THE DATA:
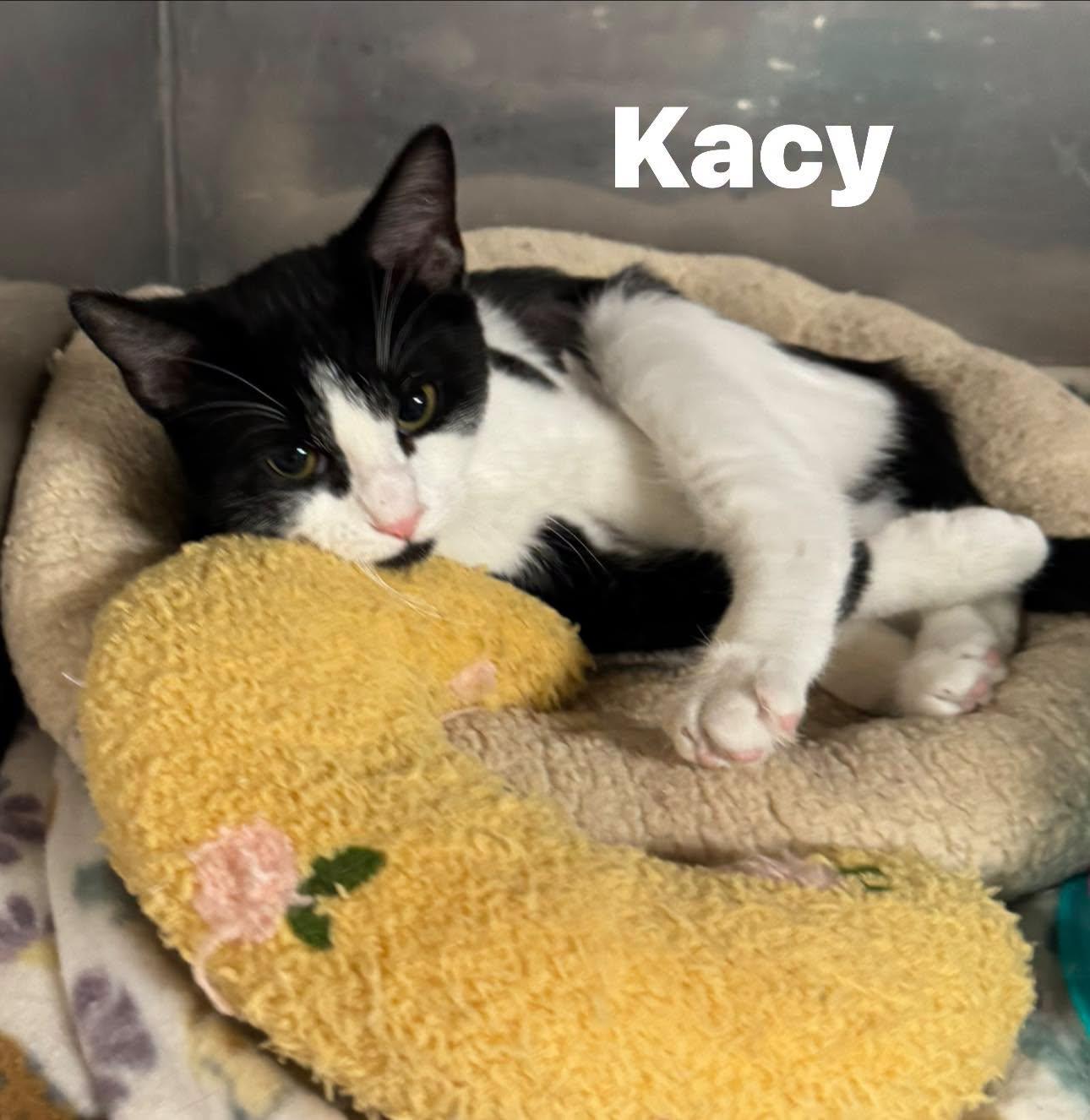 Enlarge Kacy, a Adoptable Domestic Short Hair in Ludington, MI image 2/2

...

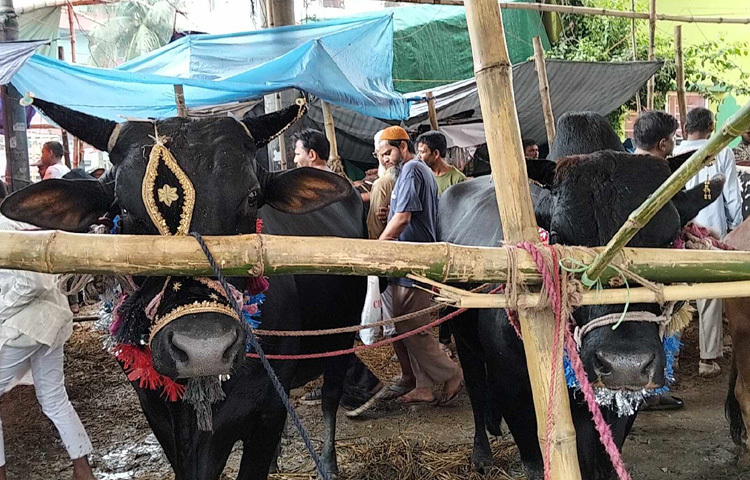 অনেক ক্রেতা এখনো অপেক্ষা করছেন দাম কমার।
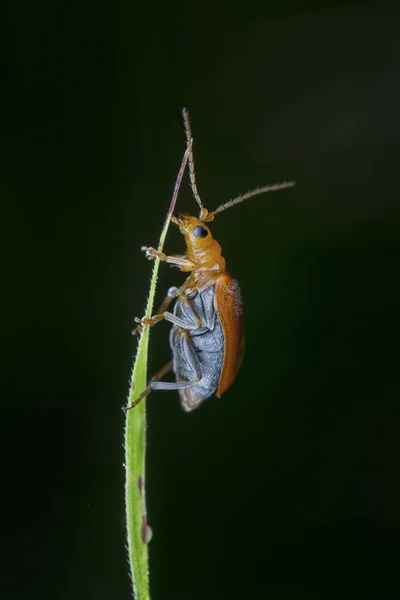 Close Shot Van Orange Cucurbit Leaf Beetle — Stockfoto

YOUR GOAL:
Copy out exactly the lines above beginning with the line that contains "অনেক ক্রেতা এখনো অপেক্ষা করছেন দাম কমার।" and finishing with the line that contains "Close Shot Van", including both; leave the pictures out.

WRITTEN ANSWER:
 অনেক ক্রেতা এখনো অপেক্ষা করছেন দাম কমার।
 Close Shot Van Orange Cucurbit Leaf Beetle — Stockfoto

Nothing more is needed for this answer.